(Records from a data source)
--------
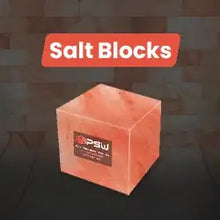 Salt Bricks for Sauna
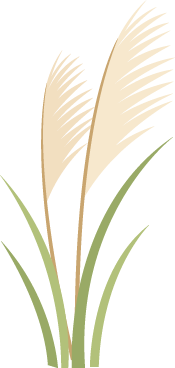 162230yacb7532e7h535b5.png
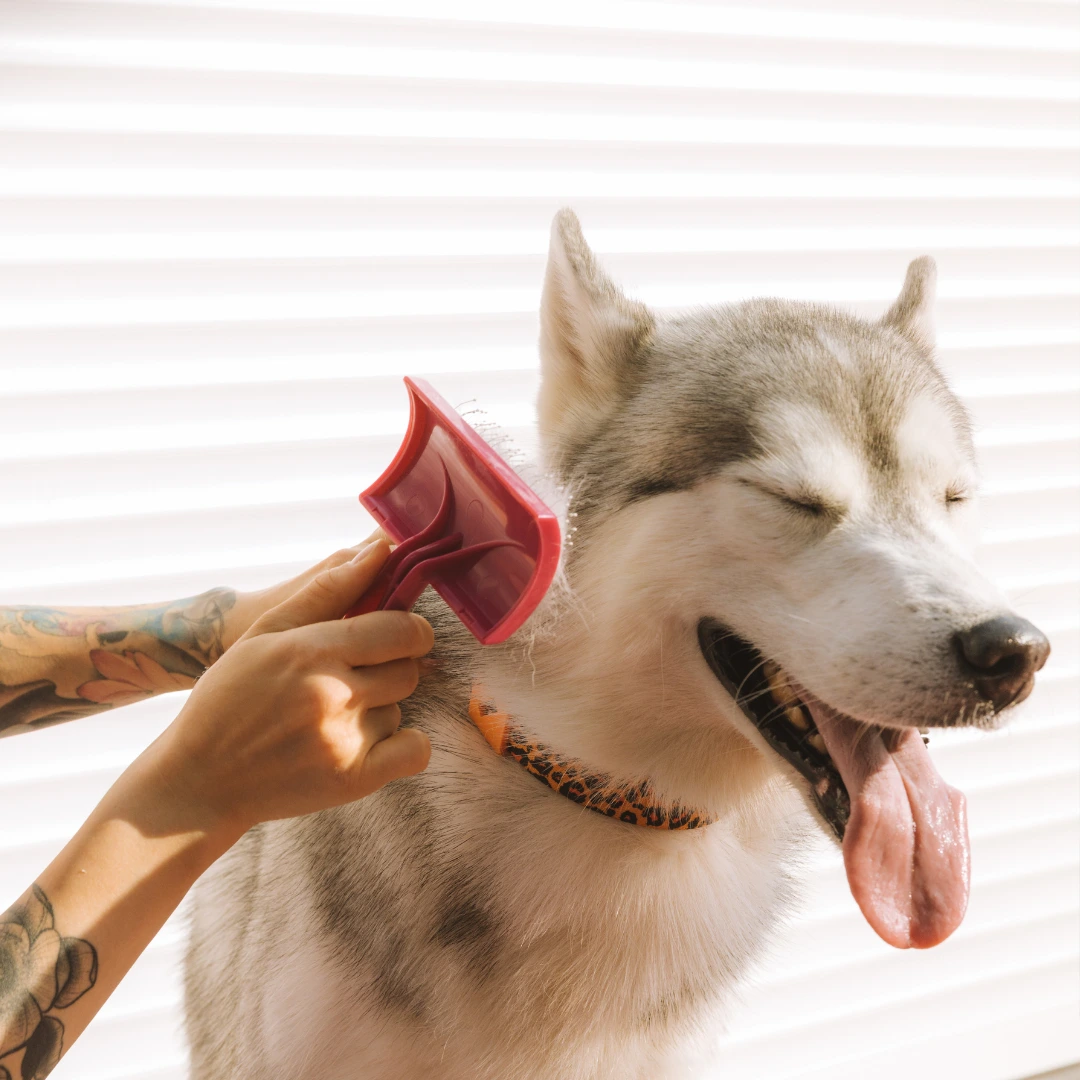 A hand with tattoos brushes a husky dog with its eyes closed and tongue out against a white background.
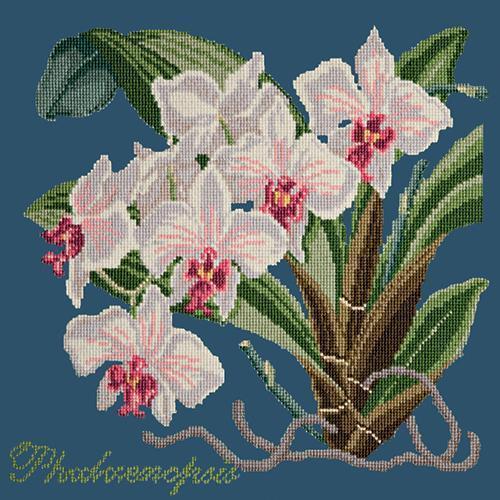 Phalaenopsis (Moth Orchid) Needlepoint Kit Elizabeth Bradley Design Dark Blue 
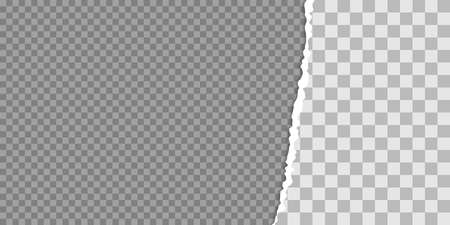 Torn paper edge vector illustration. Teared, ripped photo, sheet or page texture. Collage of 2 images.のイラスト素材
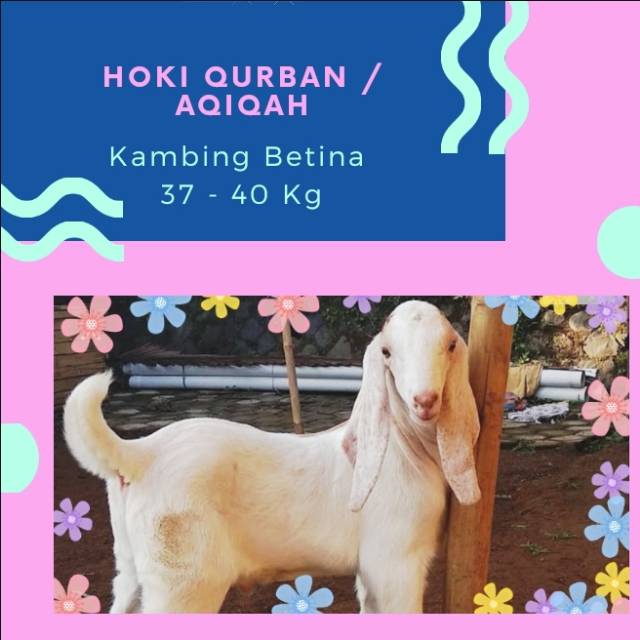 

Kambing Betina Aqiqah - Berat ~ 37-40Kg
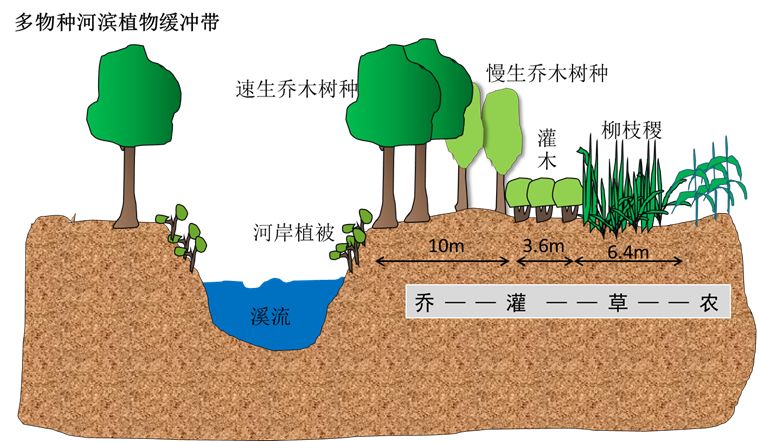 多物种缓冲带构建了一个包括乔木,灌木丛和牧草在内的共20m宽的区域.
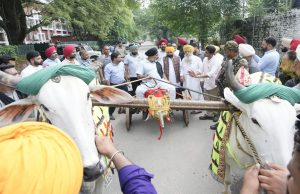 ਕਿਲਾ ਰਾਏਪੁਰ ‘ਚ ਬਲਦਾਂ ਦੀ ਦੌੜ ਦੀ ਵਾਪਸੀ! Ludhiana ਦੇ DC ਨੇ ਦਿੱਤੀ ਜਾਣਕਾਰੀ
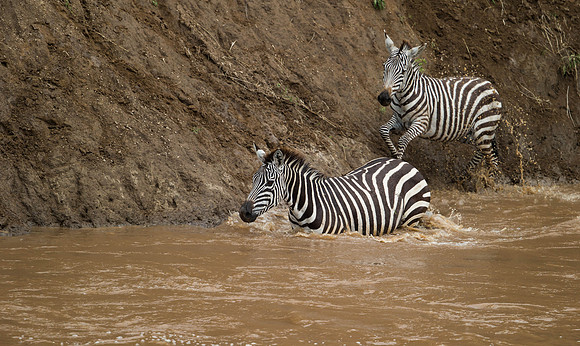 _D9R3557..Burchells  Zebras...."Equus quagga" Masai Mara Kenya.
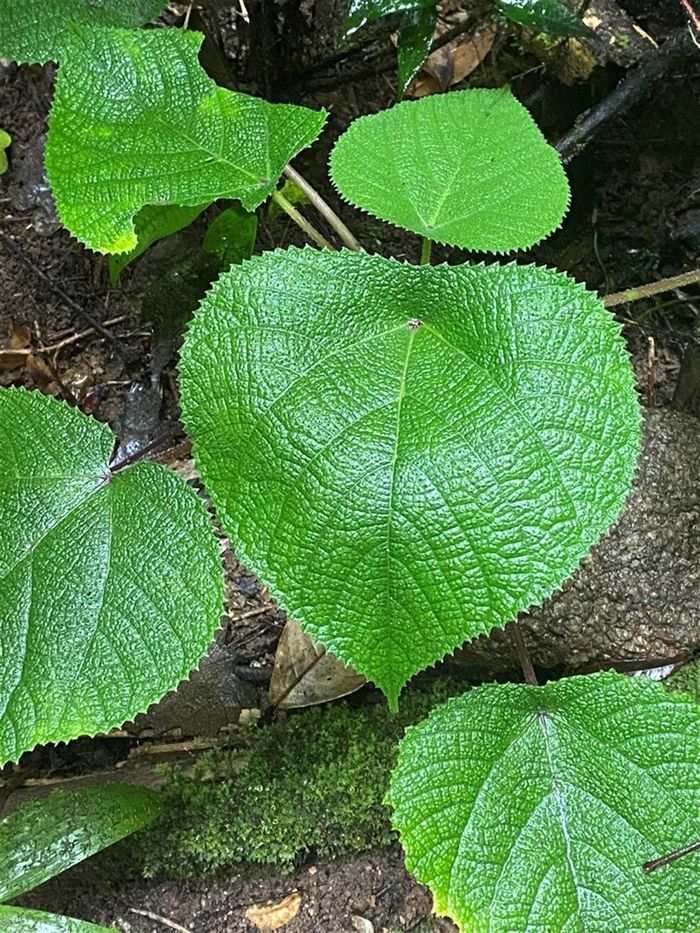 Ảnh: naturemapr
--------
- TASK BRIEF -
Only the lines from the one containing "多物种缓冲带构建了一个包括乔木,灌木丛和牧草在内的共20m宽的区域." through the final line of the data are to be written out, exactly as they stand and without pictures.

- RESPONSE BOX -
 多物种缓冲带构建了一个包括乔木,灌木丛和牧草在内的共20m宽的区域.
 ਕਿਲਾ ਰਾਏਪੁਰ ‘ਚ ਬਲਦਾਂ ਦੀ ਦੌੜ ਦੀ ਵਾਪਸੀ! Ludhiana ਦੇ DC ਨੇ ਦਿੱਤੀ ਜਾਣਕਾਰੀ
 _D9R3557..Burchells  Zebras...."Equus quagga" Masai Mara Kenya.
 Ảnh: naturemapr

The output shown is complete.